Segment Start: INFORMATION PROVIDED
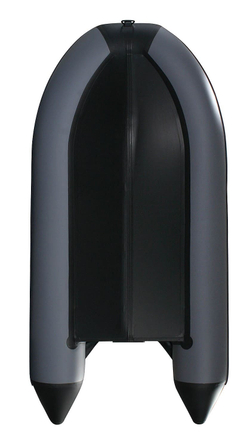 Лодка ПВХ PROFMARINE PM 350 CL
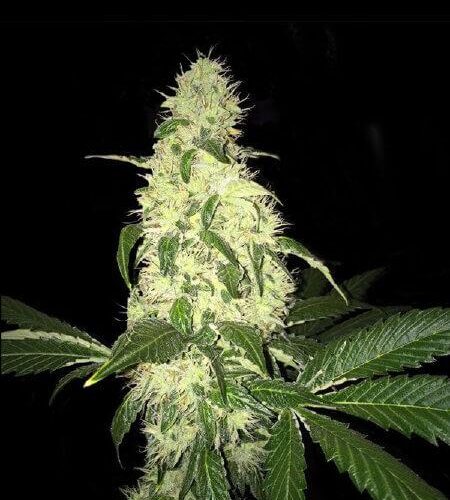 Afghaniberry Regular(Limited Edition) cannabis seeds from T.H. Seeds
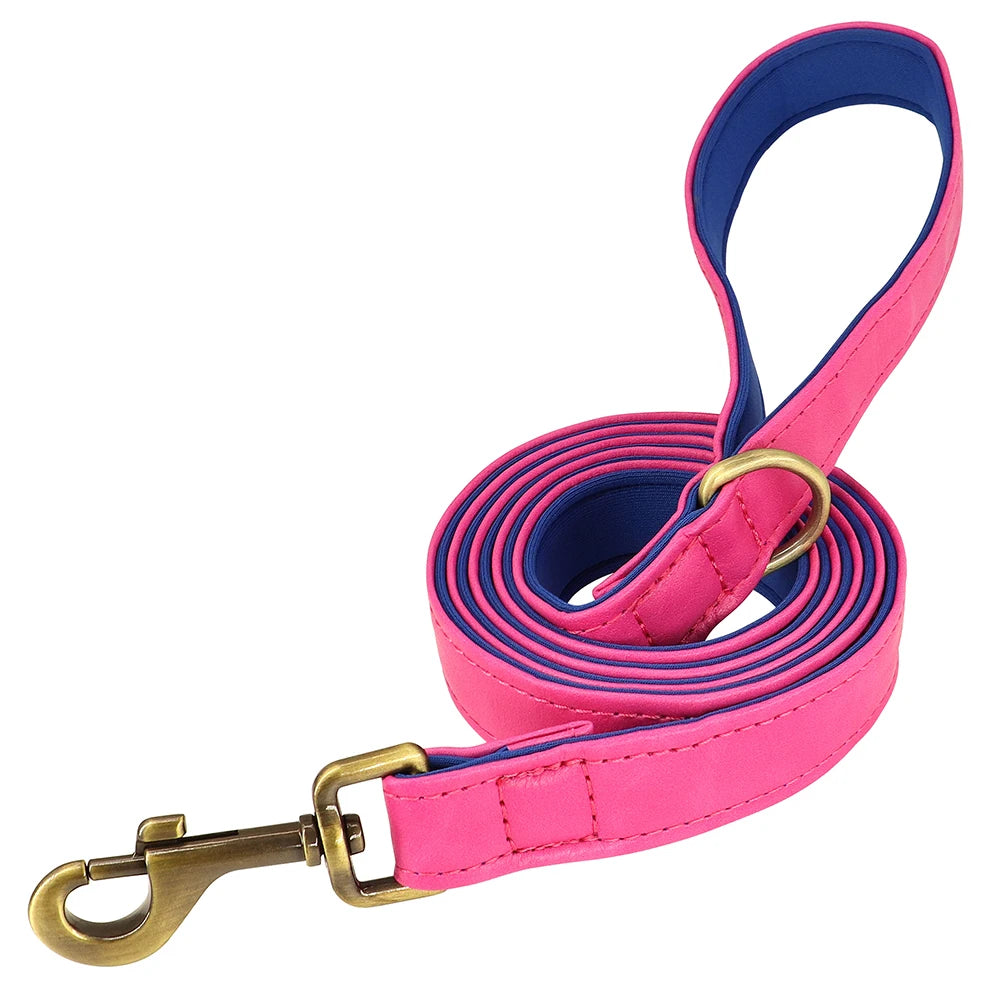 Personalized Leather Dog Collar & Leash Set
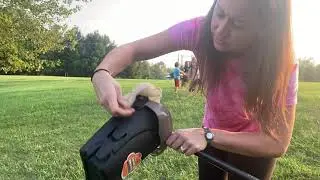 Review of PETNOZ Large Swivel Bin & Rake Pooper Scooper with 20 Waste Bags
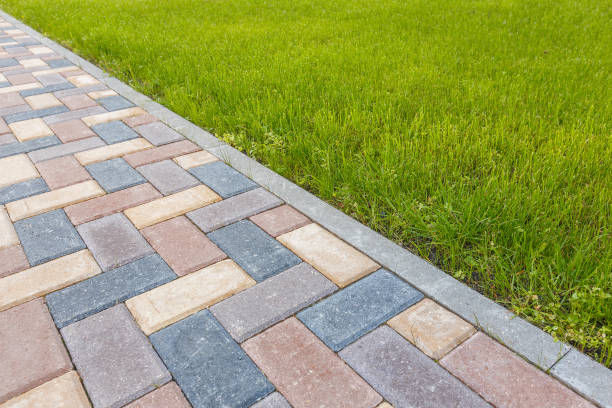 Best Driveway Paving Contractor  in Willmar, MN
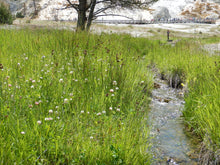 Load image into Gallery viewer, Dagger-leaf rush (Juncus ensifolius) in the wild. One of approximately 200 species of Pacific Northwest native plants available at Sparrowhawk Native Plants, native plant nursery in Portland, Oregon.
Segment End: INFORMATION PROVIDED
## EXERCISE AIM
Leaving out every picture, transcribe exactly the lines from the line that contains "Personalized Leather Dog Collar & Leash Set" through the final line of the entries above.

## TASK ANSWER
 Personalized Leather Dog Collar & Leash Set
 Review of PETNOZ Large Swivel Bin & Rake Pooper Scooper with 20 Waste Bags
 Best Driveway Paving Contractor  in Willmar, MN
 Load image into Gallery viewer, Dagger-leaf rush (Juncus ensifolius) in the wild. One of approximately 200 species of Pacific Northwest native plants available at Sparrowhawk Native Plants, native plant nursery in Portland, Oregon.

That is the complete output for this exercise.